Я тогда жил во флигеле Райского дома, бывшего британского владения, стоящего на высоком лесистом гребне холма выше Маклеод Гандж. Мне нравился бодрящий горный воздух, веселили банды черномордых лангуров, радовали глаз синие и белые гималайские сороки. Поблизости, в небольшой хижине, жил геше Рабтен, учитель, у которого я учился и кем я восхищался. Вскоре я вслед за ним поехал в Швейцарию, чтобы изучать буддийскую философию. В Райском доме также располагалась небольшая община последователей медитации випассаны, с которыми я сидел утром и вечером, концентрируясь на своем дыхании и охватывая вниманием все тело от головы до пят.

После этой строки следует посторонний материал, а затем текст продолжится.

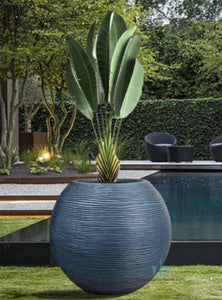 Large Ribbed Globe Shaped FRP (Fiberglass) Indoor And Outdoor Planters Are Lightweight, Durable, Weather Resistant, UV Resistant Made For Residential And Commercial Spaces, Available Exclusively On Shahi Sajawat India, the world of home decor products. Best trendy home decor, office decor, restaurant decor, hotel decor, airports, mall decor ideas of 2024.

Однажды в вечернем сумраке, когда я возвращался к себе домой по узкой тропинке через сосняк, неся синее пластмассовое ведро с расплескивающейся водой, которую я только что набрал в близлежащем источнике, я внезапно остановился, пораженный неожиданным чувством абсолютной таинственности всего окружающего. Как будто я вознесся на гребень большой волны на поверхности океана самой жизни, что позволило мне впервые в жизни поразиться тому, насколько удивительно то, что существует именно что-то, а не ничто. «Как, – спросил я себя, – человек может не понимать этого ? Как можно жить, не дав на это ответ? Почему раньше я не замечал этого!» Я помню, как стоял, дрожа и потеряв дар речи, со слезами на глазах. Затем я отправился дальше, пока не наступила ночь.
Я ощущал дискомфорт от осознания возникшей пропасти между тем, что я изучал, и чем-то, что произошло лично со мной и что представлялось мне жизненно важным. В знакомых мне буддийских текстах, казалось, не упоминались и тем более не оценивались подобные переживания. Я не находил ни одного слова в тибетском языке, которое могло бы описать мой опыт. И когда я рассказал о нем англоговорящему ламе Еше, харизматичному ученику геше Рабтена, у которого было много последователей среди западных приезжих в Непале, мне показалось, что он не понял, о чем я говорю и почему придаю этому такое большое значение. Что было важней? Священные писания буддизма, которые мне преподавали глубоко уважаемые мной люди? Или мои собственные смутные догадки, которые вместо того, чтобы давать ответы, казалось, только поднимали еще больше вопросов? Я верил (или хотел верить), что этот конфликт мог бы разрешиться, если бы я еще усерднее учился и практиковал. Будучи молодым новичком двадцати трех лет, я склонялся больше доверять мудрости традиции, чем своему несовершенному пониманию.